A free list starts with offset tierHashLookupOuterSize + 64 from the beginning address of a containing segment tier.

This is a list of actualChunksPerSegmentTier bits, each corresponding to a chunk in the entry space. If the chunk is allocated for some entry, the corresponding bit is set to 1, otherwise it is clear.

The reference Java implementation: SingleThreadedFlatBitSetFrame.

Entry space

An entry space starts with offset tierHashLookupOuterSize + 64 + tierFreeListOuterSize from the beginning address of a containing segment tier.

The entry space starts with an internal offset of tierEntrySpaceInnerOffset bytes. Then actualChunksPerSegmentTier chunks follow without gaps between each other, each chunk of chunkSize bytes.

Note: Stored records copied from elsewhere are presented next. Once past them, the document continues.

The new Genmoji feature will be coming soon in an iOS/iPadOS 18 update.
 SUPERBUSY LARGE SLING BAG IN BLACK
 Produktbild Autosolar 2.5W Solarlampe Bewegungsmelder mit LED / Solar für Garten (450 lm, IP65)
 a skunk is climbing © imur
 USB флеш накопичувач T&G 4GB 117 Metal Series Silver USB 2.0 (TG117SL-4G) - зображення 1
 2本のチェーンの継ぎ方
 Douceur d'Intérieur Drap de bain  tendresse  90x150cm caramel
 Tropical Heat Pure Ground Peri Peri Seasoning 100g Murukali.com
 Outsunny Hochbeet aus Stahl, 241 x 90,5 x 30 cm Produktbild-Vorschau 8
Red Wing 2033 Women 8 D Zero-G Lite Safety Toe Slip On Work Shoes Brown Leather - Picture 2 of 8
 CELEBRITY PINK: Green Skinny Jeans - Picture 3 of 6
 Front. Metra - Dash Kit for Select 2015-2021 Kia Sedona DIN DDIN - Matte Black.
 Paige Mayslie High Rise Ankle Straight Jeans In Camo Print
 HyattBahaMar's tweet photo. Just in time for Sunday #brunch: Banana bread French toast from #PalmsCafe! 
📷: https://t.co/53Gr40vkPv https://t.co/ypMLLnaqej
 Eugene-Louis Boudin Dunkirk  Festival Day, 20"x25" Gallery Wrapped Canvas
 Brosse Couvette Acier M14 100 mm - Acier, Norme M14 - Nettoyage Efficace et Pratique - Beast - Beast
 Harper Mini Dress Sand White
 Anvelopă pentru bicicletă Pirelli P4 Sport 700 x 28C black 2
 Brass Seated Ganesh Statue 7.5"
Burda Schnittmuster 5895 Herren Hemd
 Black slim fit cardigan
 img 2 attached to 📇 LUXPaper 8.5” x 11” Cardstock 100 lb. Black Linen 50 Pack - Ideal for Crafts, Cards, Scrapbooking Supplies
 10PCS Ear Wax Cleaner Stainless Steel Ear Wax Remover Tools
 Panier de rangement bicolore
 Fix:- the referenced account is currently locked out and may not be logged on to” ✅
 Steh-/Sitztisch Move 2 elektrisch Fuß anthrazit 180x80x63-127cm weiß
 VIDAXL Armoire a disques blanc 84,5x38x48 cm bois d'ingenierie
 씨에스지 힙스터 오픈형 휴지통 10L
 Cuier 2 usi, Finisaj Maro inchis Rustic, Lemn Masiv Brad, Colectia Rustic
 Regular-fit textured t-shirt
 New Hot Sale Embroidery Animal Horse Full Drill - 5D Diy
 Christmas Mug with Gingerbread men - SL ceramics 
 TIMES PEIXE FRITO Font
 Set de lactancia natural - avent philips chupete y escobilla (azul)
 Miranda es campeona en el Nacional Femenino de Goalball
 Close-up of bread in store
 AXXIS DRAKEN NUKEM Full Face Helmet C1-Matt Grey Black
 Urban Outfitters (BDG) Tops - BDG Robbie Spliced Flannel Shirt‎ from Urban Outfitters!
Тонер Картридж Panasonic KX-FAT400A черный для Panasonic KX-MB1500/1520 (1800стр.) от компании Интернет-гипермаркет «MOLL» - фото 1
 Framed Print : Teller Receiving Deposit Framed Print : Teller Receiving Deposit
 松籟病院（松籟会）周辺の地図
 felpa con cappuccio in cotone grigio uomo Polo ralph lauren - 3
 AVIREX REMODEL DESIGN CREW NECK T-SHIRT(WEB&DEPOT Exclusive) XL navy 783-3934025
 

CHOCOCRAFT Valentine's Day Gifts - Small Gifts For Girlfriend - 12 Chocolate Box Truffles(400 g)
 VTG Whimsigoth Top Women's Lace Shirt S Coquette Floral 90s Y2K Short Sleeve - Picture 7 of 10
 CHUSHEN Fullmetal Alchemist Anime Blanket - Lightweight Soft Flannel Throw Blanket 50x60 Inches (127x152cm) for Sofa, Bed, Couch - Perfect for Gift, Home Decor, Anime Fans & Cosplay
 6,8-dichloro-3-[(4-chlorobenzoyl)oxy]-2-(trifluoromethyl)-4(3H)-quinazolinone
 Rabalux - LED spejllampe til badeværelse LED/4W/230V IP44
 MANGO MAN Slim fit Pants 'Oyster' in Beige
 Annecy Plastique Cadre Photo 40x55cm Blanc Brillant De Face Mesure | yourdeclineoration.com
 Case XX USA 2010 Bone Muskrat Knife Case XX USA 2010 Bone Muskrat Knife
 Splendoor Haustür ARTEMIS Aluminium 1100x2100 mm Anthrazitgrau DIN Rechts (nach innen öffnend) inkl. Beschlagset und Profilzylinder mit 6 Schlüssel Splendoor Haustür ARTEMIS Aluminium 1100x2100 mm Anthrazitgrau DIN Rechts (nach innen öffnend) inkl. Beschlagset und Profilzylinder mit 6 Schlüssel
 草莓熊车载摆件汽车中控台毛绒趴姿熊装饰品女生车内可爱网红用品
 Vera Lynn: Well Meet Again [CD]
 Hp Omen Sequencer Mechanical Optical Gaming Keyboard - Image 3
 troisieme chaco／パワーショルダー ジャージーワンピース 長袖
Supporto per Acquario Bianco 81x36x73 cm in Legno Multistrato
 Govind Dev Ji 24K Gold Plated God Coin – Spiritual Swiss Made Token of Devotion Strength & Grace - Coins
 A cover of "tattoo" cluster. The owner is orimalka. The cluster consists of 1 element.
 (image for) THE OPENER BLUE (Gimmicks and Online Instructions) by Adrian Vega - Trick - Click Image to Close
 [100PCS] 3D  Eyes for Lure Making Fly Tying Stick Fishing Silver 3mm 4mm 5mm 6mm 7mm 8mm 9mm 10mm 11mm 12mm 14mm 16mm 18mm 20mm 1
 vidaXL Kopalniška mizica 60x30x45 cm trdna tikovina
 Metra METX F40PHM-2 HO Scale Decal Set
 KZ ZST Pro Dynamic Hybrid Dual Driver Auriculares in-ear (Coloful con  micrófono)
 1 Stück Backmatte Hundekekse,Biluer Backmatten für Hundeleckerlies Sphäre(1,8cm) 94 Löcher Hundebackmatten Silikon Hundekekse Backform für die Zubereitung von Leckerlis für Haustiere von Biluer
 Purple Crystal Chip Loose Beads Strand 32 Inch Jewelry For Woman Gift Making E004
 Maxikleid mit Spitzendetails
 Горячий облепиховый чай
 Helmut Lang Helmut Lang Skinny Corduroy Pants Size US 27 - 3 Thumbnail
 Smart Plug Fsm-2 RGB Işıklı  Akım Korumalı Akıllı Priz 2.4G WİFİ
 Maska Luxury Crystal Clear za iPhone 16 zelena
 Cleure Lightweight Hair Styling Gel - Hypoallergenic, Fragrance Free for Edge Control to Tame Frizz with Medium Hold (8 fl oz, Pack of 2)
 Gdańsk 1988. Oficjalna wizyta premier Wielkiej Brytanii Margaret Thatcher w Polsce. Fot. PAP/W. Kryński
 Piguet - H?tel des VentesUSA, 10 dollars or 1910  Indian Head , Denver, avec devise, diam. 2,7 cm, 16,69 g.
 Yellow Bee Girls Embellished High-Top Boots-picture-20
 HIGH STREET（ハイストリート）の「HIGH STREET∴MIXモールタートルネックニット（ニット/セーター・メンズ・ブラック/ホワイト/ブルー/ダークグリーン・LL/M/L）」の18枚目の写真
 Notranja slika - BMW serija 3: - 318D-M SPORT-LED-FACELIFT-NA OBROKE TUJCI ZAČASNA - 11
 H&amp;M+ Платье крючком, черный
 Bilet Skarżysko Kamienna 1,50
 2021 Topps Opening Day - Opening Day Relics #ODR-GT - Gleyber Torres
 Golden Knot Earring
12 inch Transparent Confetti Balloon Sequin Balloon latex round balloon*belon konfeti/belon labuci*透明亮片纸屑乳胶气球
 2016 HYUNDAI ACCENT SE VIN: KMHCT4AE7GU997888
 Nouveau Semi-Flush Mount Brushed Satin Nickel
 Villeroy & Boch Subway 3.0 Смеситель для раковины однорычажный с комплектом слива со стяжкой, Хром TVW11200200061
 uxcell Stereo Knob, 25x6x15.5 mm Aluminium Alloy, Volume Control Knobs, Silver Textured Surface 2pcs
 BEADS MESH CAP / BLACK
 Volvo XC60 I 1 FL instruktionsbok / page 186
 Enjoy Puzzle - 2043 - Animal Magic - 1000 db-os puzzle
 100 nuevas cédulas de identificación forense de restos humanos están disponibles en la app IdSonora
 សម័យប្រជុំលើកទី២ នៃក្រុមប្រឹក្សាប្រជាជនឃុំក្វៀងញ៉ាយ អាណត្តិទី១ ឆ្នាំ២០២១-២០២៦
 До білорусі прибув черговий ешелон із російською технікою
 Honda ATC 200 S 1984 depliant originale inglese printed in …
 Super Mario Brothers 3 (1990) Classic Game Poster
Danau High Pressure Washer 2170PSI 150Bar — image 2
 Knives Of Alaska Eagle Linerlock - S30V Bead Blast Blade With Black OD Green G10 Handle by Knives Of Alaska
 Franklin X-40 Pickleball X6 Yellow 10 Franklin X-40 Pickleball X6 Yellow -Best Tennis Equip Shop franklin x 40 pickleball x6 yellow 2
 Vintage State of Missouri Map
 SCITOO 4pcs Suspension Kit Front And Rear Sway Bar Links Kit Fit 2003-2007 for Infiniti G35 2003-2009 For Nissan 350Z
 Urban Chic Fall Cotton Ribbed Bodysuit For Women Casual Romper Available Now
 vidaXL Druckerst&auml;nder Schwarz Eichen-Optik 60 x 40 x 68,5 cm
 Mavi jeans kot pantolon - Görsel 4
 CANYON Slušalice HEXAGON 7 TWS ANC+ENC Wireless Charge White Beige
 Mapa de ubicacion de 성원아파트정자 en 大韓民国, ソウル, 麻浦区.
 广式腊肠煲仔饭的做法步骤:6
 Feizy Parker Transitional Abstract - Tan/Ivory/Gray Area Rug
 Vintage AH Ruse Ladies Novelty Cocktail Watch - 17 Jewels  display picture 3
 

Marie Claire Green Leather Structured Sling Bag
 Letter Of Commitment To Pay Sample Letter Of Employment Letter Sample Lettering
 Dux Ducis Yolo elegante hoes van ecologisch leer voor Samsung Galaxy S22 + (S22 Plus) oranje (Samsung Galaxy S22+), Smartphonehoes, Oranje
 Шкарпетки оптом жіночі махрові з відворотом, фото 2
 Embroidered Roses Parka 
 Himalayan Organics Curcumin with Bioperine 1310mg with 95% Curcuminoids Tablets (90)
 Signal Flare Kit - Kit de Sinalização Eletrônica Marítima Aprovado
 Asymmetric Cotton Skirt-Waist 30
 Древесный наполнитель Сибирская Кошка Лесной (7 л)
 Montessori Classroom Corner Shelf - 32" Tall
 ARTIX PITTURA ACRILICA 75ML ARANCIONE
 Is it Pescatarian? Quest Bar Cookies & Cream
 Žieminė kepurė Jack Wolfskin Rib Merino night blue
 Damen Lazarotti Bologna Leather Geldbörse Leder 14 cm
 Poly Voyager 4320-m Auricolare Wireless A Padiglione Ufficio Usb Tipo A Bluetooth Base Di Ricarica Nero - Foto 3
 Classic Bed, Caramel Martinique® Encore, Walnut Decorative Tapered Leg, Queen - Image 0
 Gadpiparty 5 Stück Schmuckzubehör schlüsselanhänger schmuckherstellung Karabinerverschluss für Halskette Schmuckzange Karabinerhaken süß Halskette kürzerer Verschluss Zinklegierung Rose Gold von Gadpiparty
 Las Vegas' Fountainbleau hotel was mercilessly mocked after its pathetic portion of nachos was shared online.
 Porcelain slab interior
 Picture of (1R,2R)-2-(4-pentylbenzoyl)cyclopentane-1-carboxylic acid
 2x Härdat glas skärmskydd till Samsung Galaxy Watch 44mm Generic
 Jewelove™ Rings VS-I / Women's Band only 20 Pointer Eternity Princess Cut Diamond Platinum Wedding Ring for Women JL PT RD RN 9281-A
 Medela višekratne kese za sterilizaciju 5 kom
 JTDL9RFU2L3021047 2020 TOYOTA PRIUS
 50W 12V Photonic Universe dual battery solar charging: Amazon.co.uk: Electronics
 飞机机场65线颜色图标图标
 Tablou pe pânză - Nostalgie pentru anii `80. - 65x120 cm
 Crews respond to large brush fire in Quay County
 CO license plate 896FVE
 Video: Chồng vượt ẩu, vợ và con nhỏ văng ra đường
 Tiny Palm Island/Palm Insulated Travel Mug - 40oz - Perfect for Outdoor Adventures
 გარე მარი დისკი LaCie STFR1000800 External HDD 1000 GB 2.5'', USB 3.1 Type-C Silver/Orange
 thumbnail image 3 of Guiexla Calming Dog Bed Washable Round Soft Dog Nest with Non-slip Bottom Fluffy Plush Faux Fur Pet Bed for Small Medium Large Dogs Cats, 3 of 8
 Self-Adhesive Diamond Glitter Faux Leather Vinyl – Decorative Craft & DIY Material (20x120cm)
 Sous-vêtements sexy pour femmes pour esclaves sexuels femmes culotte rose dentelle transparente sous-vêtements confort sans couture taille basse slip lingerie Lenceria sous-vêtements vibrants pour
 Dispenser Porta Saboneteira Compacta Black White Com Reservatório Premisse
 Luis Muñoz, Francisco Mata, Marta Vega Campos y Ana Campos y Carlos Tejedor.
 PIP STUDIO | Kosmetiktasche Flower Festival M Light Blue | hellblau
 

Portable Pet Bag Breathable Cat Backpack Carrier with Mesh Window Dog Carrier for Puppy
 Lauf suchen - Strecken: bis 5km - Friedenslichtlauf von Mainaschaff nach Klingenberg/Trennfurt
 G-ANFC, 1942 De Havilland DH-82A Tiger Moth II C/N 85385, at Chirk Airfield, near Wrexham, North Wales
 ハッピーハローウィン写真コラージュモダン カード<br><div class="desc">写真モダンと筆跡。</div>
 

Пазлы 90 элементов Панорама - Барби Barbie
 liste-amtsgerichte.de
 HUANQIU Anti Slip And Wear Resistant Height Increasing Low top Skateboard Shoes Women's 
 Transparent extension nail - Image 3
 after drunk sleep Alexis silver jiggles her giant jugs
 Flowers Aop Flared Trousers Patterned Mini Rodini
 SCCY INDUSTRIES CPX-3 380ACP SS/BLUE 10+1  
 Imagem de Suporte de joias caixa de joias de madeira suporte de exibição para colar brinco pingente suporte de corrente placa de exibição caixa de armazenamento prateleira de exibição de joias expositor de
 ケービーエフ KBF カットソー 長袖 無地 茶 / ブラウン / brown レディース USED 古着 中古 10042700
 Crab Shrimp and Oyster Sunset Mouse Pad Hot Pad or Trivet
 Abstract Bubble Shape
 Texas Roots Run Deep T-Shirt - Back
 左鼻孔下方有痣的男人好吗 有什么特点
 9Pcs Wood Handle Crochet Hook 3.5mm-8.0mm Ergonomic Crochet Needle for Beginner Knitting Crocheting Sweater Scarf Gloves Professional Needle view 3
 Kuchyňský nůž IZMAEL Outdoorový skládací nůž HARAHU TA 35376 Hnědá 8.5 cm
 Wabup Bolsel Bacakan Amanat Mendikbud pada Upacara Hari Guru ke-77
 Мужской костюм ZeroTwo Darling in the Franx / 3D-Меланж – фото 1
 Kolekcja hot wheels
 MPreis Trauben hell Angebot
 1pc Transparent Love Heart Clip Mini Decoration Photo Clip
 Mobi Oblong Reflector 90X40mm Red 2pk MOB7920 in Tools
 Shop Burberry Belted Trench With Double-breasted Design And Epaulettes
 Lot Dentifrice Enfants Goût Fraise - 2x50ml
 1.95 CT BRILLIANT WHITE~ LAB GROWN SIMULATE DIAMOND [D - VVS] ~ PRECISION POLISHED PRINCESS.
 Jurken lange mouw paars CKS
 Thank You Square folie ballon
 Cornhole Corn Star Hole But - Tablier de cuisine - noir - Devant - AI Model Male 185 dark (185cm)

A chunk is the minimum allocation unit. A single or several continuous chunks are used to store the Chronicle Map's entries. These ranges doesn't intersect, i. e. each chunk is used to store at most one entry.

Stored entry structure

Within the given range of chunks, the entry is stored starting from the beginning of the first chunk of the range. The stored entry structure is:

  1. The length of the key (in bytes), stored using the keySizeMarshaller algorithm.
  2. The key itself stored, a sequence of bytes of the length, determined by the previous field of this structure. The key is stored using the keyDataAccess strategy.
  3. The length of the value (in bytes), stored using the valueSizeMarshaller algorithm.
  4. The gap (likely 0-long, though), imposed by the value alignment strategy.
  5. The value itself stored, a sequence of bytes of the length, determined by the 3rd field of this structure. The value is stored using the valueDataAccess strategy.
  6. (Optional field) If checksumEntries is true, there is a 4-byte checksum stored after the value bytes. See also the checksum algorithm .

The memory between the end of the 6th field (or 5th, if checksums are not stored) and the end of the last chunk, allocated for the entry, is unused. This is an internal fragmentation.

The reference Java implementation of the stored entry structure: primarily HashEntryStages and MapEntryStages classes.

Extra tier bulks

The size of an extra tier bulks area is tierBulkSizeInBytes , multiplied by the number of extra tier bulks, stored in the 2nd field of the global mutable state structure. Extra tier bulks start immediately at the end of the main segments area (the end of the last segment tier in the main segments area) and doesn't have gaps between each other.

Extra tier bulk

Each extra tier bulk starts with metadata space of tierBulkInnerOffsetToTiers (reserved for use by extensions), after that tiersInBulk segment tiers are located without gaps between each other.

See the segment tier structure for information about the detailed structure of each particular tier in extra tier bulks.